# [WORK INSTRUCTION]
In the entries below, begin at the line that has "Sundstrom logo", stop after the line that has "Jordan Air Jordan MVP 92 Men's Shoes", and output those lines exactly with no pictures.

# [MATERIAL TO PROCESS]
__________________________________________________

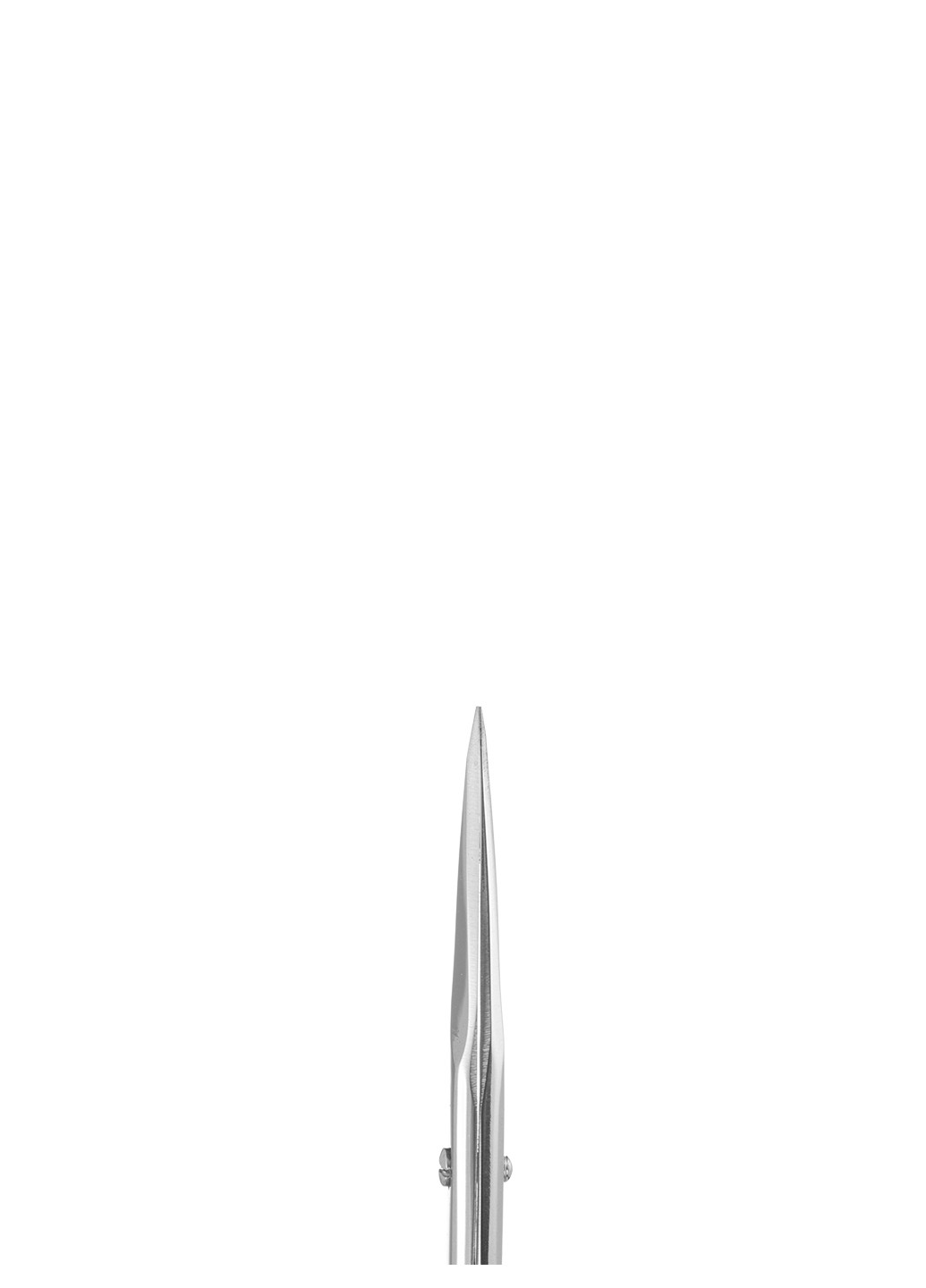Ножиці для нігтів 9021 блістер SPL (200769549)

__________________________________________________

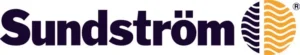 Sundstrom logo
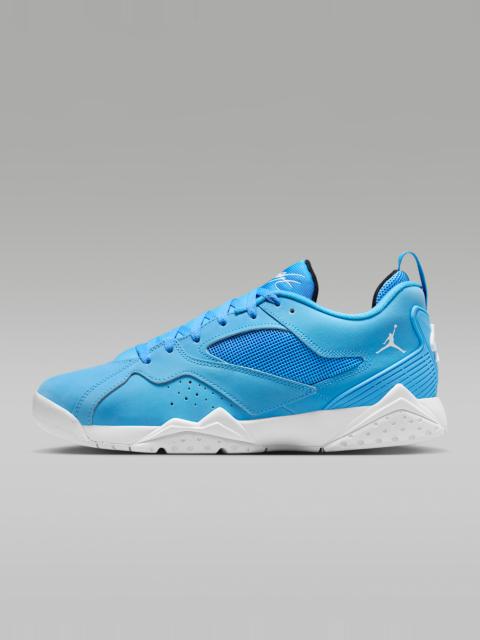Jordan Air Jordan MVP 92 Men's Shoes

__________________________________________________

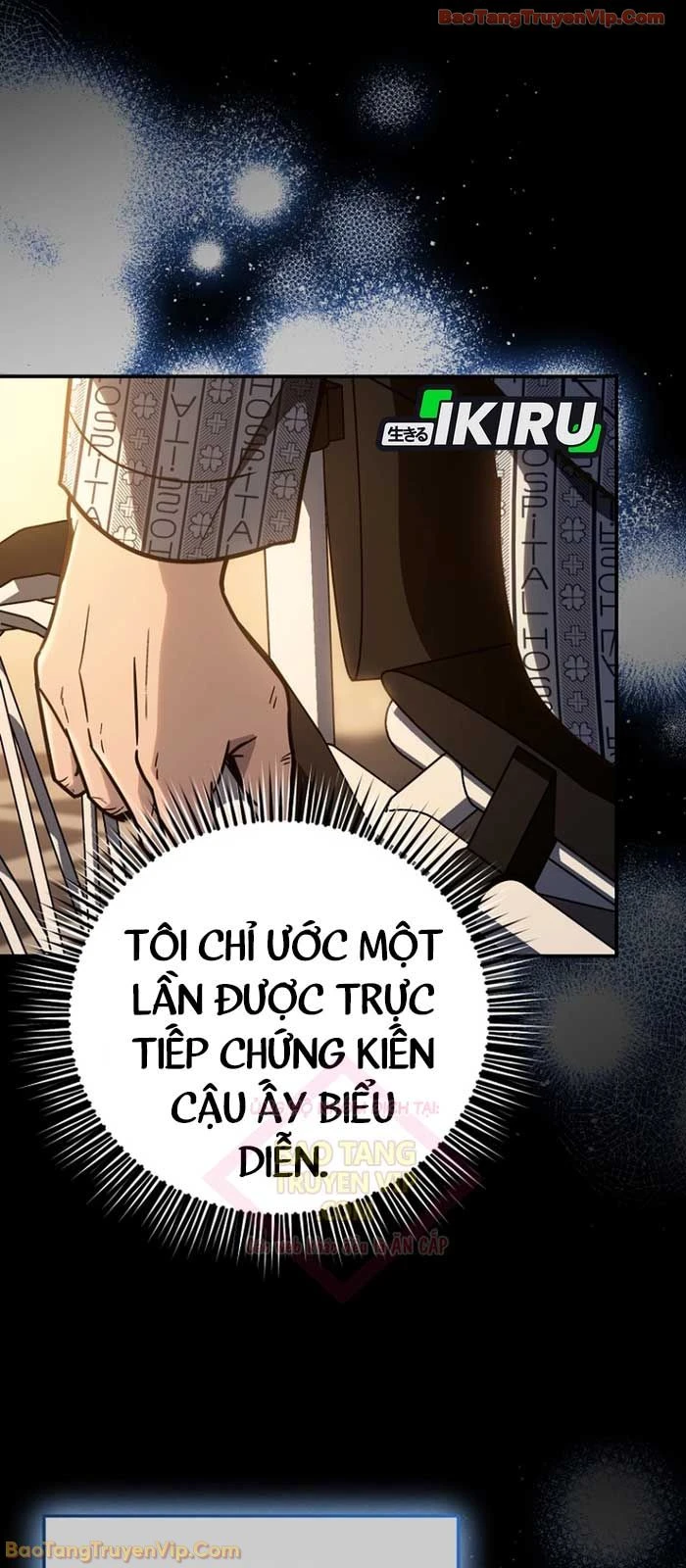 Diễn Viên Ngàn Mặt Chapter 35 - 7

__________________________________________________

# [EXPECTED ANSWER]
 Sundstrom logo
Jordan Air Jordan MVP 92 Men's Shoes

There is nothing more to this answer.